Neben den bereits existierenden französischen Gewerkschaften wurden die ersten Gewerkschaften jedoch von ausländischen Beschäftigten auf lokaler Ebene organisiert. In Zusammenarbeit mit den Jungtürken gründete sich am 29. Juni 1924 in Mohamed Alis Umfeld eine Einkaufsgenossenschaft. Ein möglicher Grund für diesen Fokus stellt Mohamed Alis Inspiration vom deutschen Modell der landwirtschaftlichen Einkaufsgenossenschaften, den “Raiffeisen” dar. Insgesamt baute Mohamed Alis Initiative zur Gründung einer Genossenschaft stark auf seinen Aufenthalt in Berlin auf. Später wurde Mohamed Ali zum Präsidenten des Verwaltungskomitees der Genossenschaft gewählt.
Die Streiks der Hafenarbeiter in Tunis und in Bizerte im August 1924 lösten eine Umstrukturierung der tunesischen Gewerkschaftslandschaft aus. Auch für das politische Engagement Mohamed Alis waren diese Ereignisse entscheidend. Die tunesischen Beschäftigten forderten den gleichen Lohn wie ihre französischen Kollegen. Mohamed Ali und sein Umfeld unterstützten die Streiks und organisierten kleine, von der französischen Gewerkschaft unabhängige Ausschüsse. Zunehmend nahm sich die Genossenschaft der spezifischen Interessen von tunesischen Beschäftigen an, sodass am 03. Dezember 1924 die „Confédération Générale Tunisienne des Travailleurs” als erste tunesische Gewerkschaft gegründet wurde. Mohamed Ali wurde als Generalsekretär der Gewerkschaft designiert. Die Gewerkschaft lehnte die Idee einer kommunistischen Revolution ab, stattdessen legte sie ihren Fokus auf die Umsetzung tiefgreifender Sozialreformen. Jedoch wurde die „Confédération Générale Tunisienne des Travailleurs“ schnell seitens des französischen Protektorats unterdrückt und deren Hauptverantwortliche, darunter auch Mohamed Ali, am 05. Februar 1925 verhaftet. Im November 1925 wurde er zu zehn Jahren Exil verurteilt, wobei sein Aufenthalt in Berlin auch in die Urteilsfällung mit einfloss. Inzwischen wurde die neu gegründete Gewerkschaft aufgelöst. Mohamed Ali verbrachte sein Exil zunächst in Alexandria in Ägypten, wo seine Spuren im Sande verlaufen. Historiker:innen gehen davon aus, dass Mohamed Ali im Mai 1928 starb.

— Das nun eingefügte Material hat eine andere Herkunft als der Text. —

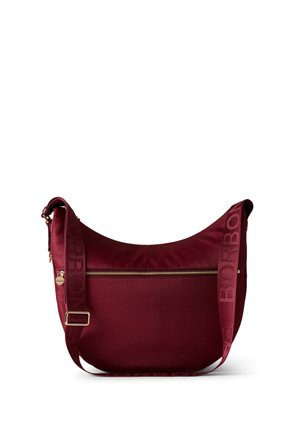LUNA MEDIUM CON ZIP - Borsa a tracolla - red
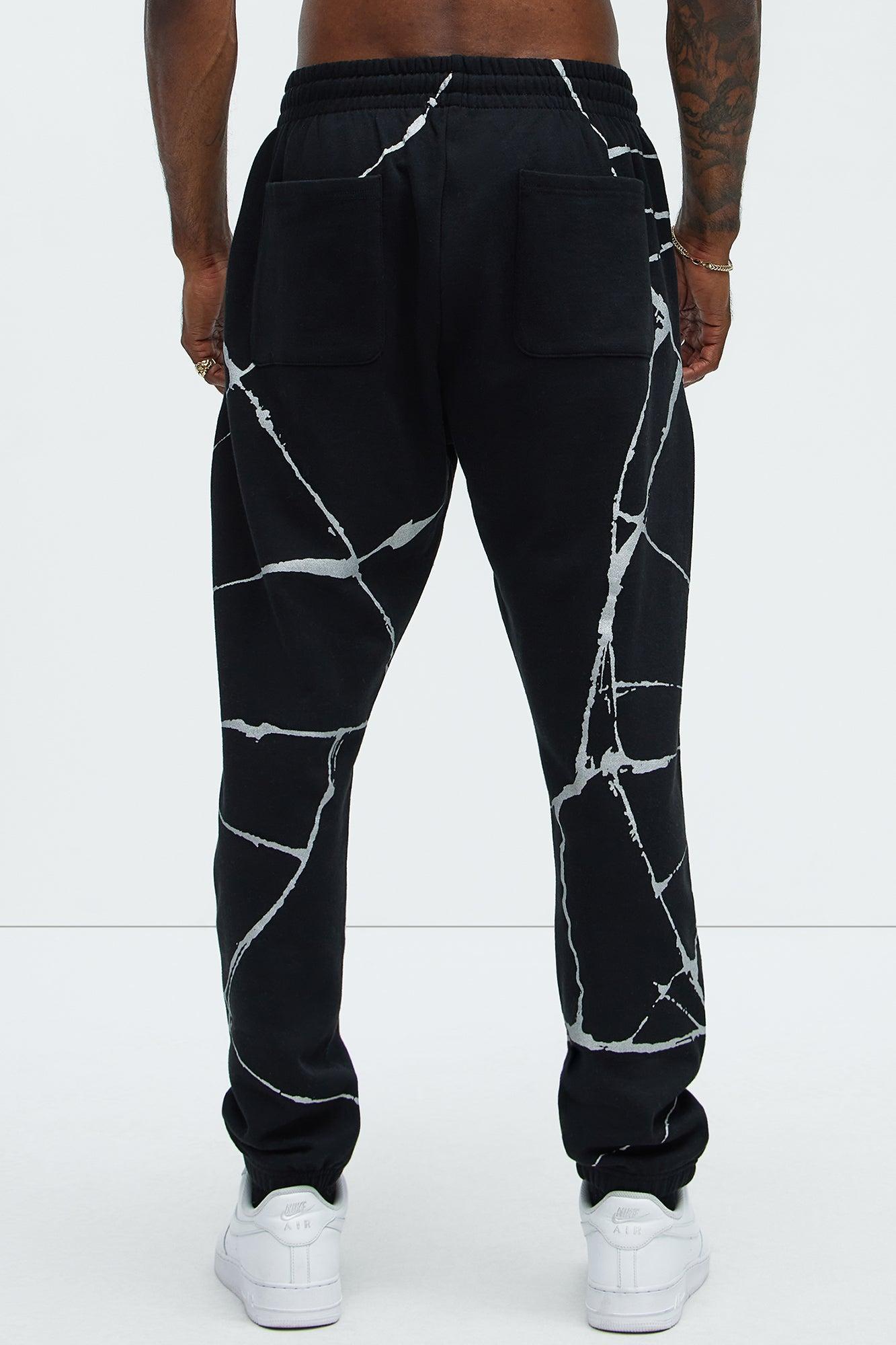 Tyson Web Of Lies Oversized Jogger - Black Product Image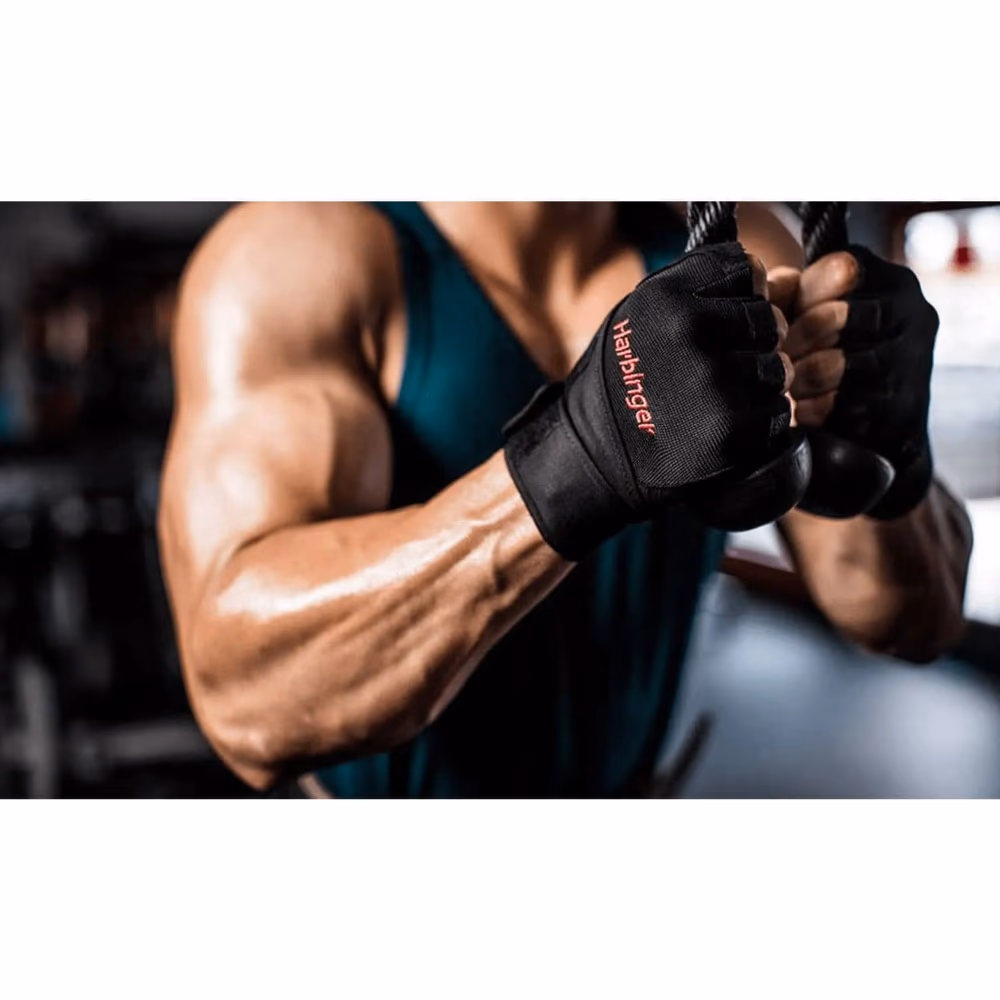 Harbinger Pro Wrist Wrap - Black - Large 3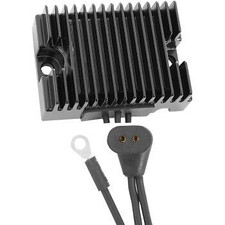 Drag Specialties 2112-0781 Black Solid-State Regulator for 76-80 Shovelhead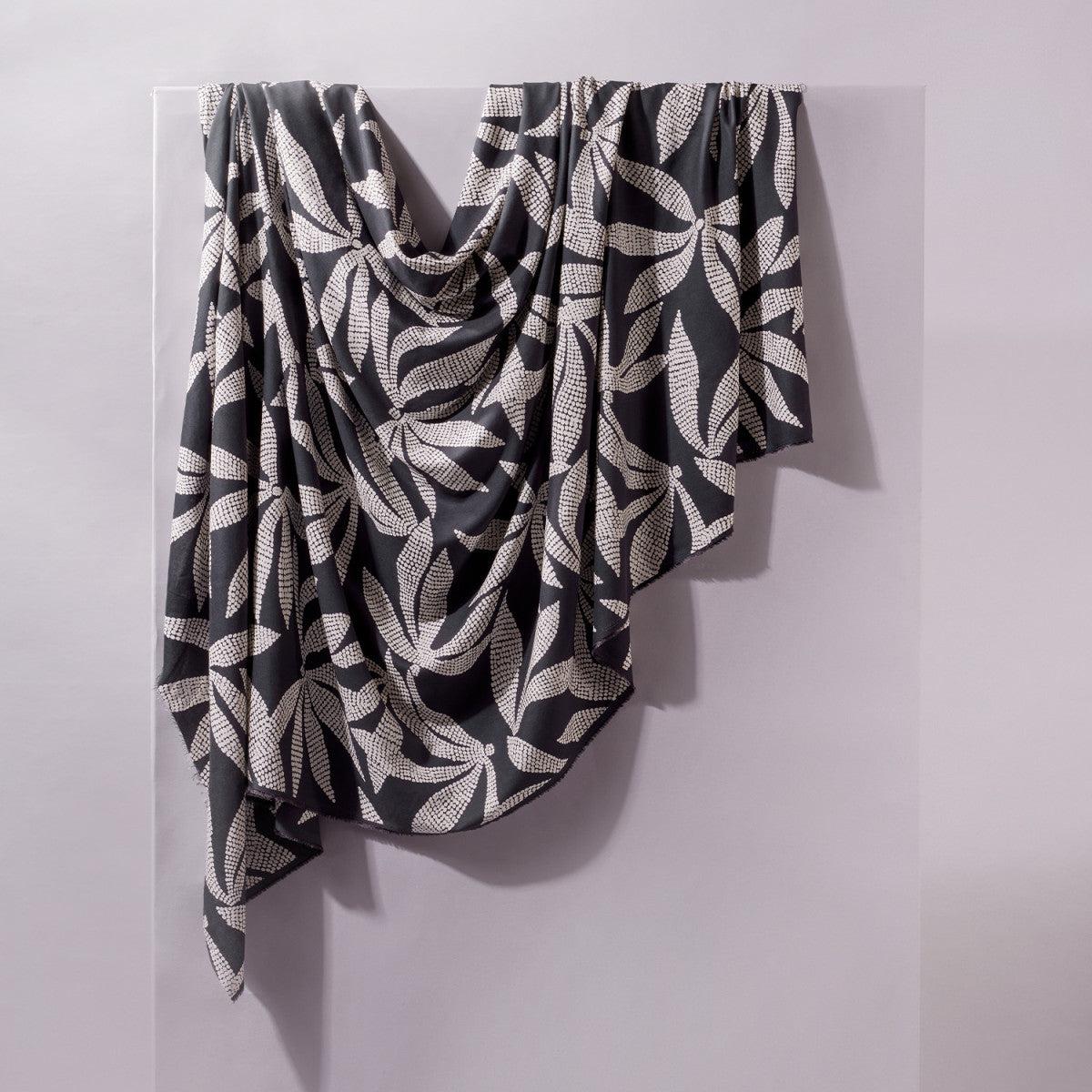 Atelier Brunette-Kaola Deep Charcoal on Viscose-fabric-gather here online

Nach dem Zweiten Weltkrieg wurde in Tunesien erneut der Versuch unternommen, einen Gewerkschaftsdachverband zu gründen. Diesmal sollte der Versuch gelingen. 1946 wurde die „Union Générale Tunisienne du Travail” gegründet und Farhat Hached zum ersten Generalsekretär gewählt. Letzterer hat sich während seiner Amtszeit von den von Mohamed Ali propagierten Sozialpolitiken inspirieren lassen und diese in die Leitlinien der neu gegründeten Gewerkschaft integriert. Auch noch 100 Jahre nach dem Wirken Mohamed Alis ist er Namensgeber für Straßen und soziale Projekte. Seine politischen Initiativen und Ideen haben den Grundpfeiler für die „Union Générale Tunisienne du Travail” gelegt, welche in Tunesien zu den stärksten zivilgesellschaftlichen Akteur:innen gehört.